During depolarization, diltiazem inhibits the influx of extracellular calcium across both the myocardial and vascular smooth muscle cell membranes. Serum calcium levels remain unchanged. The resultant decrease in intracellular calcium inhibits the contractile processes of myocardial smooth muscle cells, resulting in dilation of the coronary and systemic arteries and improved oxygen delivery to the myocardial tissue.

Diltiazem decreases conduction velocity in the AV node. It also increases the refractory period via blockade of calcium influx. This, in turn, stops reentrant phenomena.
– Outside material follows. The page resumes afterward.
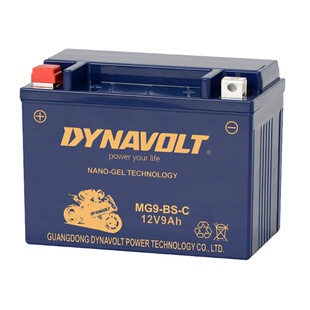 猛狮摩托车电瓶12V通用适用铃木DL250骊驰GW250F干GSX250锂250R蓄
This agent decreases myocardial oxygen demand by reducing peripheral vascular resistance, reducing heart rate by slowing conduction through SA and AV nodes, and reducing LV inotropy. It slows AV nodal conduction time and prolongs the AV nodal refractory period, which may convert supraventricular tachycardia or slow the rate in atrial fibrillation. It also has vasodilator activity but may be less potent than other agents. Total peripheral resistance, systemic blood pressure, and afterload are decreased.

Calcium channel blockers provide control of hypertension associated with less impairment of function of the ischemic kidney. Calcium channel blockers may have beneficial long-term effects, but this remains uncertain.